In current situation, all goods and products of agricultural (including plantation), mineral and fossil origin are allowed for commodity trading recognized under the FCRA. The national commodity exchanges, recognized by the Central Government, permits commodities which include precious (gold and silver) and non-ferrous metals; cereals and pulses; ginned and un-ginned cotton; oilseeds, oils and oilcakes; raw jute and jute goods; sugar and gur; potatoes and onions; coffee and tea; rubber and spices etc.
The trading of commodities consists of direct physical trading and derivatives trading. Exchange traded commodities have seen an upturn in the volume of trading since the start of the decade. This was largely a result of the growing attraction of commodities as an asset class and a proliferation of investment options which has made it easier to access this market.
The commodity based products offer a huge array of benefits that include offering risk-return trade-offs to investors, providing information on market trends and assisting in framing asset allocation strategies. Commodity investments are always considered as defensive because during the times of inflation, which adversely affects the performance of stocks and bonds, commodities provide a defense to investors, maintaining the performance of their portfolios.

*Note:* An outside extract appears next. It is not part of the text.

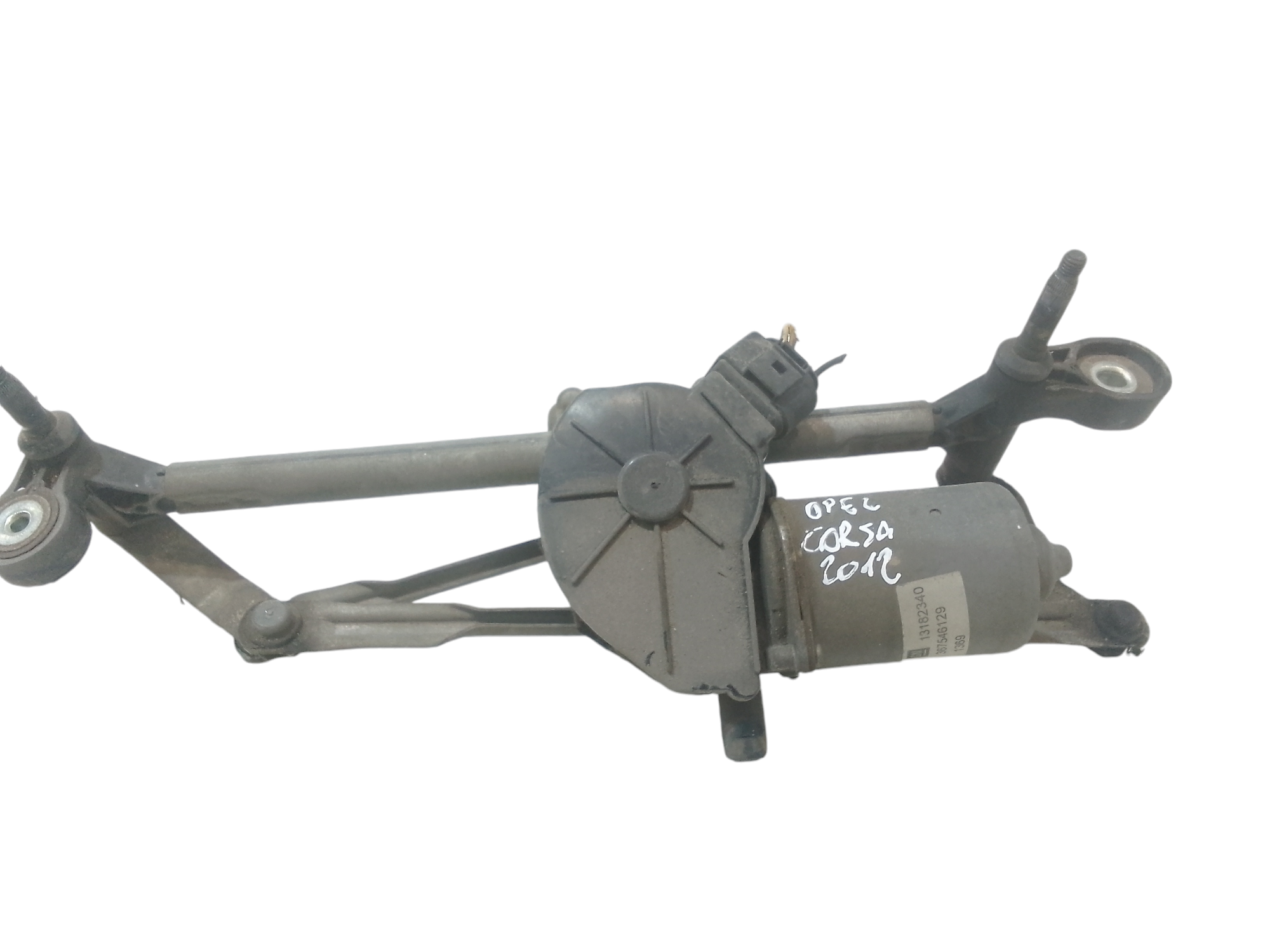 Motorino Tergiparabrezza Compl. Usato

Commodity markets have a huge potential in the Indian context particularly because of the agri-based economy. With the government’s initiative for agricultural liberalization, commodities’ trading in India has gained increased momentum in activities. To increase the efficiency of the markets the Forward Markets Commission (FMC), the governing body of commodities trading in India has taken several initiatives for the establishment of national level multi-commodity exchanges in India.